> PROBLEM STATEMENT: Set out exactly every line of the entries below, starting at the line that holds "Coach Vintage White" and stopping after the line that holds "Used 2023 Chevrolet Malibu LT FWD image 2".

> DATA LISTING:
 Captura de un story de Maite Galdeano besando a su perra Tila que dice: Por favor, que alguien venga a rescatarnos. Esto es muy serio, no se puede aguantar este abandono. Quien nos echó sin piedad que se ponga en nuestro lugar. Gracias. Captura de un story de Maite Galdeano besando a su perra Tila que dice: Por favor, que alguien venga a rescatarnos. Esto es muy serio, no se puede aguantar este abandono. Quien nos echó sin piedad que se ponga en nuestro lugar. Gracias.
--
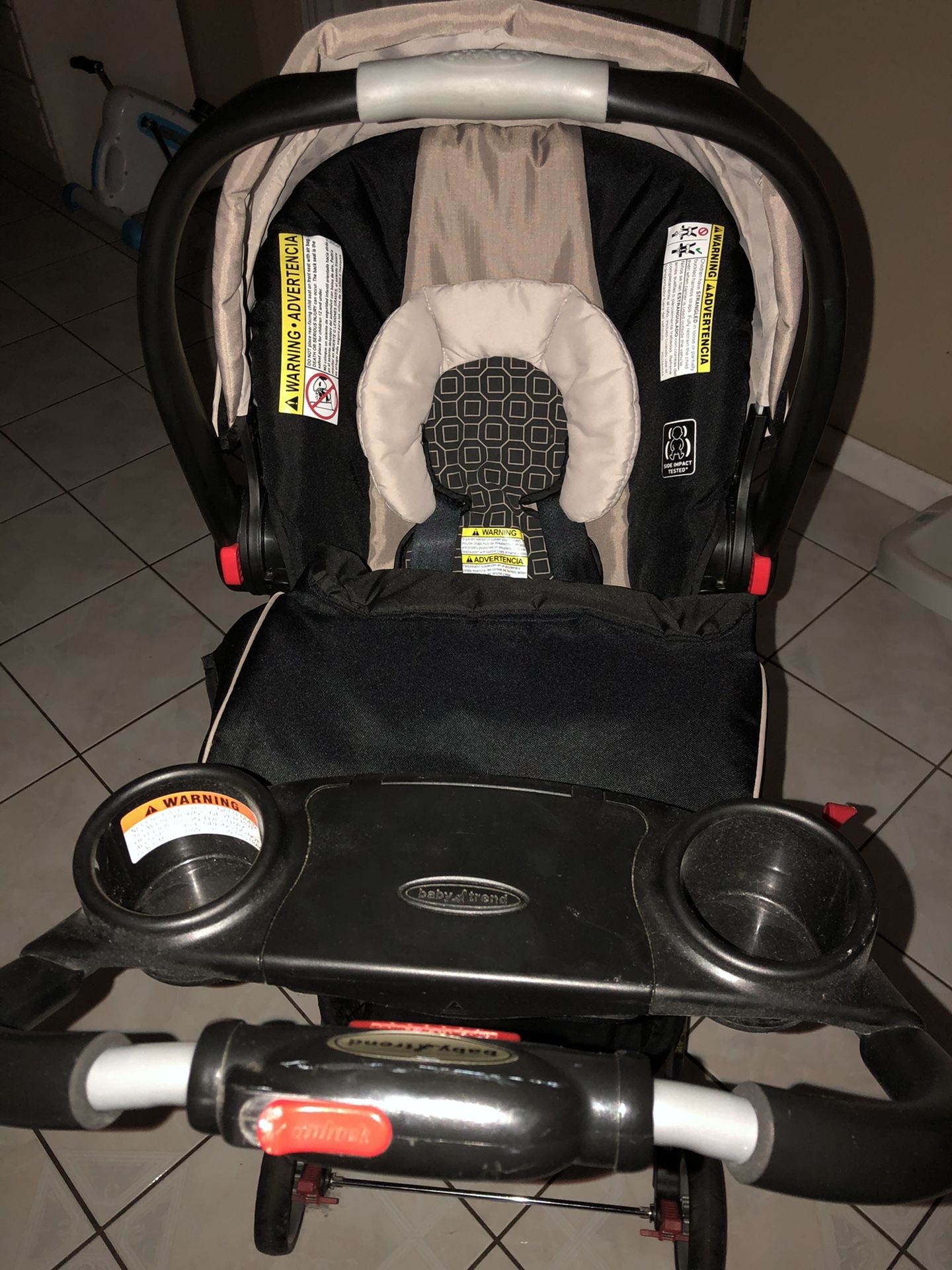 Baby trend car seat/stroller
==
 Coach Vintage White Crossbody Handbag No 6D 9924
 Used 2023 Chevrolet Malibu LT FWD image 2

> WRITTEN SOLUTION:
 Coach Vintage White Crossbody Handbag No 6D 9924
 Used 2023 Chevrolet Malibu LT FWD image 2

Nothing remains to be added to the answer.